High-Performance Zero-Host-Copy Inference Pipeline (C++/CUDA)

Author: Igor Khozhanov

🎬 Real-Time Output

Processing input with Yolov8m 1024x1024 INT8 @ ~165 FPS on RTX 3060 Ti and @ ~38 FPS on Jetson Orin Nano.

⚠️ Current Development Status: Phase 5 (Porting)

The previous phases Phase 3 (Integration) and Phase 4 (Functional Inference) completed. The pipeline now supports full end-to-end detection and tracking using TensorRT and ONNX backends with mathematically verified kernels.

Note for Reviewers: This repository is currently under active development. The pipeline is being implemented in stages to ensure memory safety and zero-host-copy verification.

Module / Stage	Status	Notes
FFMpeg Source	✅ Stable	Handles stream connection and packet extraction.
Stub Detector	✅ Stable	Pass-through module, validated for pipeline latency profiling.
Output / NVJpeg	✅ Stable	Saves frames from GPU memory to disk as separate *.jpg images.
Inference Pipeline	✅ Stable	Connects all the stages together.
ONNX Detector	✅ Optimized	FP32 Inference optimized (~38 FPS).
TensorRT Detector	✅ Stable	Engine builder & `enqueueV3` implemented.
Object Tracker	✅ Stable	Kernels for position prediction, IOU matching, velocity filtering.
Post-Processing	✅ Stable	Custom CUDA kernels for YOLOv8 output decoding & NMS.
Jetson Port	✅ Stable	Native CUDA/TRT pipeline operational. Integrated Jetson Multimedia API (MMAPI) for hardware-accelerated JPEG decoding/encoding.
Windows Port	🚧 WIP	Adapting CMake & CUDA

Project Overview

This project implements a high-performance video inference pipeline designed to minimize CPU-GPU bandwidth usage. Unlike standard OpenCV implementations, this pipeline keeps data entirely on the VRAM (Zero-Host-Copy) from decoding to inference.

📥 Model Setup (Required)

This repository contains the Inference Engine (MIT Licensed). It does not include pre-trained model weights.
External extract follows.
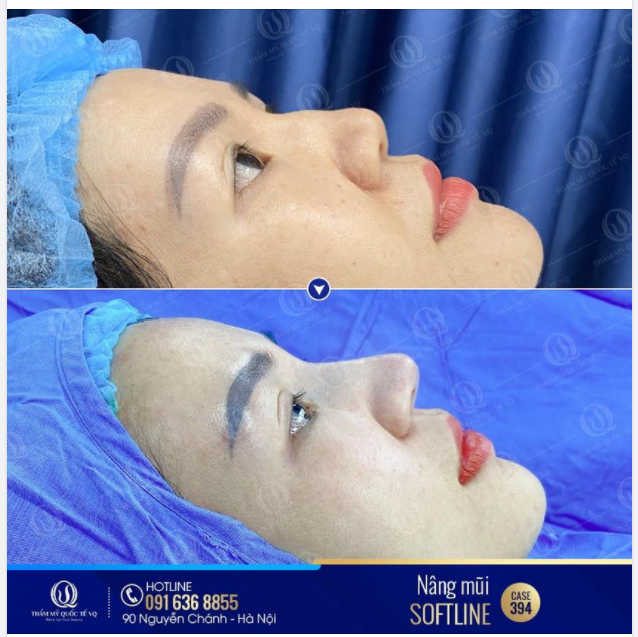 Nhấp nhô sóng mũi gập gồ - sửa xong dáng mũi lộc vồ tới ngay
To reproduce the demo results (Crop & Weed Detection), you must download pre-trained YOLOv8 model separately.

Download the Model

The model is hosted in the research repository (AGPL-3.0):

Download: best_int8.onnx
License: AGPL-3.0 (Derived from Ultralytics YOLOv8)

How to Build & Test (Current Version)

Compatibility

Supported Platforms

✅ Linux x64 (Verified on Ubuntu 24.04 / RTX 3060 Ti)
✅ Nvidia Jetson Orin Nano (Verified on Ubuntu 22.04 / JetPack 6.0)
🚧 Windows 10/11 (Build scripts implemented, pending validation)
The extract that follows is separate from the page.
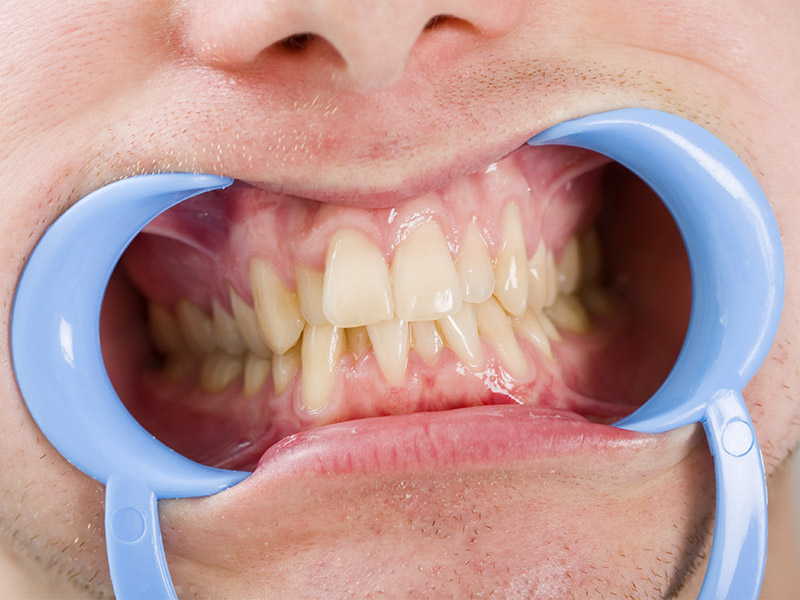 Affollamento dentale: cos'è e come si corregge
Note: Jetson currently requires passing a directory of images (-i ./frames/) instead of an .mp4 file.

Dependencies

Build Time

CMake 3.19+
CUDA Toolkit (12.x)
TensorRT 10.x+
FFmpeg: Required.
- Linux Users: Install via package manager or build from source with --enable-shared.

Runtime Requirements

NVIDIA cuDNN: Required by ONNX Runtime CUDA provider.
- Note: Ensure libcudnn.so is in your LD_LIBRARY_PATH or installed system-wide.

Compilation & Run

Build & Run (PC Native - Linux x64)

git clone https://github.com/Igkho/ZeroHostCopyInference.git
cd ZeroHostCopyInference

mkdir build
mv ~/Downloads/best_int8.onnx ./build/

cd build
cmake ..
make -j$(nproc)

Run pipeline

./ZeroCopyInference -i ../video/Moving.mp4 --backend trt --model best_int8.onnx -b 16 -o Moving

Run tests

./ZeroCopyInferenceTests --model best_int8.onnx

Build & Run (Jetson Native - Recommended)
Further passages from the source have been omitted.